To redirect your younger cat's energy from the older one, you need lots of options for where to redirect it. You mentioned in a comment that you do have a wand toy for him; get more. Offer him a variety (and if he's inclined to damaging them when left unattended, find a place to hide them that's inaccessible--I personally use heavy dresser drawers my cat can't pull open). There's lots of options of wand toys on the market--feathery ones, ribbon ones, springy ones, ones with prey toys on the end, and so on.
If he likes those, look into similar toys, as well; there are bases and scratching posts with toys on "springs," cat towers that have dangly toy attachments (and also have the benefit of giving him something to race up and down, or a possible refuge for the other cat), toys that hang from doorknobs, and toys on elastic that hang from door frames.
Try a laser pointer with him. In spite of reports that they're "cruel," every cat I've ever interacted with genuinely enjoys the chase and isn't bothered by not being able to "catch" the toy. It's one of the fastest ways to burn off excess feline energy, and can be entertaining for you as well, especially if you have a hardwood or tile floor.
Try out different kinds of balls. My cats have a selection of hard, plush, crinkle, jingle, "lumpy" (with an unpredictable movement pattern), and pompon balls to play with. On softer ones, you can marinate them in catnip to make them extra appealing and burn off more energy. You can also get track-bound balls, which are balls locked into a larger piece, and which cats enjoy batting around as they try to knock it loose.
Offer different sizes of "prey" toys. Not just the classic little mouse, but the bigger "kicker" styles, in-between sizes, and different shapes. Try different amounts of catnip, different textures, and toys with or without "crinklers" inside.
Periodically, move the couch and throw all the toys that have disappeared under it back into the room to be "fresh" stimulation. Often, they will have been lost so long that they'll feel new to your cat.

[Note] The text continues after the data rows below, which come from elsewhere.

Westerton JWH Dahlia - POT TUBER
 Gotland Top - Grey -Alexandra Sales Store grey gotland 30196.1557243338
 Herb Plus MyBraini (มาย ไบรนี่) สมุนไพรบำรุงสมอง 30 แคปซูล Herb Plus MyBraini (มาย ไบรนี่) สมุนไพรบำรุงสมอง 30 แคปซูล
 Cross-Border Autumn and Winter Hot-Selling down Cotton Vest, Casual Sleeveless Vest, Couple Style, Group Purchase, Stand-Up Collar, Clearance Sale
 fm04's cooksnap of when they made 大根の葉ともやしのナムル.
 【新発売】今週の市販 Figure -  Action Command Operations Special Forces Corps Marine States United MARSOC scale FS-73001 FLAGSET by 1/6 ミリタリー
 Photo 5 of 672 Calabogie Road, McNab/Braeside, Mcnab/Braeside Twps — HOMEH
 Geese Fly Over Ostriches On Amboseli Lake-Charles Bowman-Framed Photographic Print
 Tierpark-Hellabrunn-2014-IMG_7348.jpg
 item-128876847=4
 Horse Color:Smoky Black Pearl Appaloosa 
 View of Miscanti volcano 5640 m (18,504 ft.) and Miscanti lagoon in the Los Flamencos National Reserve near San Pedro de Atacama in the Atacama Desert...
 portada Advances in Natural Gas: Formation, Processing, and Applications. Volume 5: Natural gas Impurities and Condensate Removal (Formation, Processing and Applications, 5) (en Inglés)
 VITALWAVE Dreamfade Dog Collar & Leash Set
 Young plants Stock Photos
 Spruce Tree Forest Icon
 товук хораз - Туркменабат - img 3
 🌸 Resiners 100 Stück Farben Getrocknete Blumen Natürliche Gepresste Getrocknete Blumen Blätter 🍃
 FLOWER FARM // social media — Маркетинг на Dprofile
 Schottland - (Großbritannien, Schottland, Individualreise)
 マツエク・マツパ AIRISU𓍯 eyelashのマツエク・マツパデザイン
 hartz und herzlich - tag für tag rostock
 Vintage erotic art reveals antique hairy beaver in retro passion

Essentially, you'll want to do your best to overstimulate your younger cat. Give him so many choices that there's always some way to redirect him when the older cat wants to be left alone. With safer toys, you can even leave them out while you're at work and let him burn energy while you're away--though you should always make sure all parts are securely attached and there's no damage before letting a toy be an unsupervised toy.